Test-read results and Benefits –

Vimcent Tan: 75% zombies and 25% marriage.
Though short, it was very helpful in adjusting the weightage of my focus.

Mark Song: It needed a climax.
How could I have trapped a newlywed in a tiny room with one of them infected and not given them the climax that the tension had been building the readers for?
It made me re-looked in the whole design of the flow.

Benjamin Cheah: Attacked the logic of my plot, poking holes through them and pointed out its absurdity.
It gave me the wake up call I needed to go back to the writing board.

Ezekiel Kok: “Bro, erm... Maybe you shouldn't keep using Lee did this and Lee did that while there is only one person in that scene, just use the word 'she' is enough.”
I have to admit that it was my habit to exchange using 'Lee' and 'she' to break the monotonous of description that I have not considered that it could be demeaning to the readers. Plus, for the intensity of trapping a newlywed in the same room, using 'he' and 'she' amplify that they are truly alone, maybe even as the last two persons on earth in this undead onslaught.

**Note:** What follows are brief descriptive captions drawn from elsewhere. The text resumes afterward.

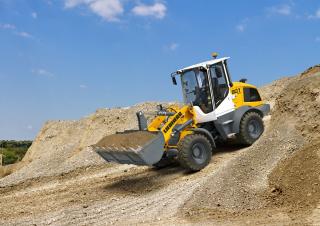 Колісні навантажувачі Liebherr L 507 Stereo
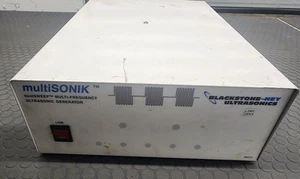 BLACKSTONE NEY MULTISONIK DUAL SWEEP MULTI-FREQUENZ ULTRASCHALL GENERATOR (12T) - Bild 1 von 3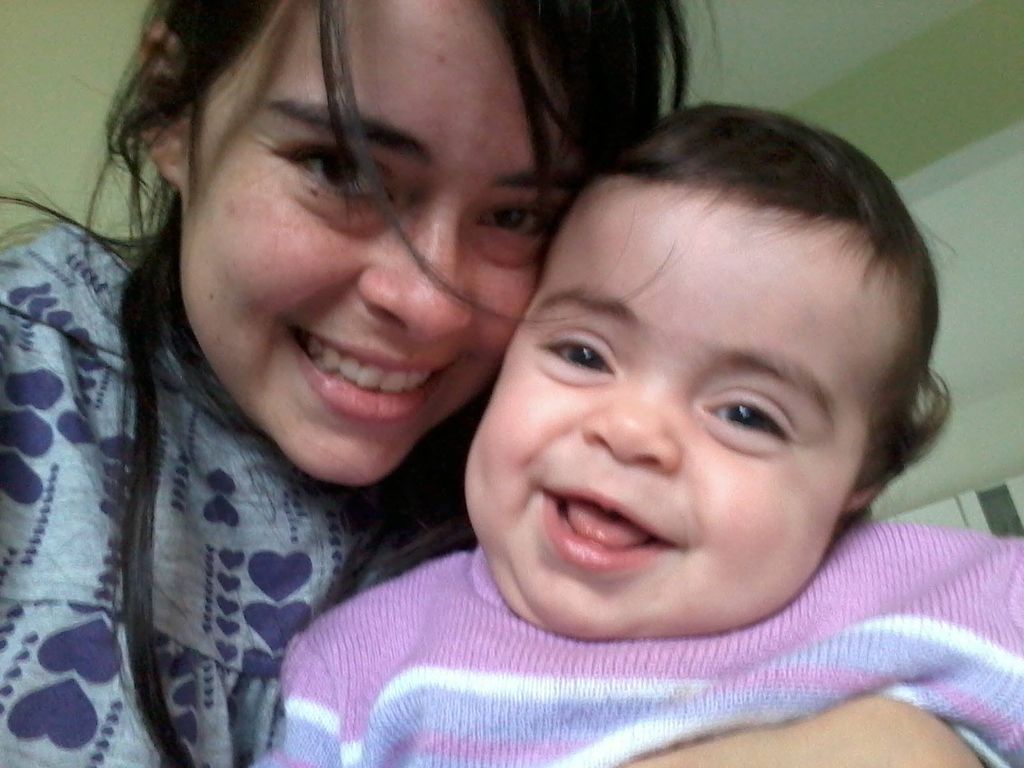 Bebê Luta pela vida e espera por doador de medula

Owen Tan: English. Rushed down to pass me the work he revised.
It was quite a pity that we could not grab a coffee and discuss the story in length which would be very helpful considering that he had wrote fiction for many years. Still, I was touched that he did popped by to support me.

HL was very understanding when I had requested some time-off from baby-sitting to write, thus I was able to spend the last three days alone finishing the final product in peace. She had never been a fan of my work, or fiction or even reading, but had offered to join the test-read. The most bizarre thing was she was liked my first draft so much (she actually burst into tears at the ending) that she had refused to read the rewrote editions when she knew that the ending had to be changed. On top of that, at the day of submission, she was still complaining that I should have wrote in the first ending which involve the husband, Png leaving his wife because he was infected and his wife Lee, decided not to be rescued by the army, instead went off to find Png, leaving a open but hopeful ending. Wifey's obsessions with endings had schooled me that ending management is a whole art by itself and often it can make and break the story.

Wei Cong had stayed up for a few nights to scrutinize the story with me. Often he had popped his head by to ask about the progress or to reread the latest versions. He highlighted that I had not fleshed out my characters, the story lacked of emotional connectivity, the action sequences short of adrenaline rush, the dialogue was without intelligence and plot was too predictable especially for a zombie fiction. Thus any revamp done towards the draft had targeted towards the five elements aforementioned. He had advised me against 'weaponizing' stuff. Usually the act two of any zombie fiction was to find a weapon; from baseball bat, crowbar, chainsaw, shotguns to Molotov cocktails. “No need to weaponize stuff, this will really push them into a corner of desperation.” He grinned.

The test-read was a very valuable exercise because sometimes you are too deep in your own story you are blind to your flaws and even turn defensive either because you are too tired, too struck or too rushed. A reader's eye and a plain advice are always good to help break away the mold, and sometimes even break you out from a tight corner. After all, you are not writing to keep in a safe box so that you can read to yourself, like Lee Harper. You are writing for people to read. So write and show em'!

Bullocks' Bank

The first thing I thought of, standing in the Mountbattenian rain was finding the next contest to join. Then I realized that since I'm going to do this for awhile, it could be useful to build up a story bank or if you will, bullocks' bank. This will eliminate a huge part of the planning stage where I will have to come out with new ideas each time I see a gig. Just make a withdrawal from the bullocks' bank and 'ka-ching!' You already have a head-start.

Alright, signing off now. Gotta get some sleep, change some diapers, read and dream of ridonkulus tales. A big thank you to those who took time to read my story and provided pointers. And oh, sorry to Png and Lee for locking you two in a room and in my head for weeks. Take a break, it's your honeymoon after all.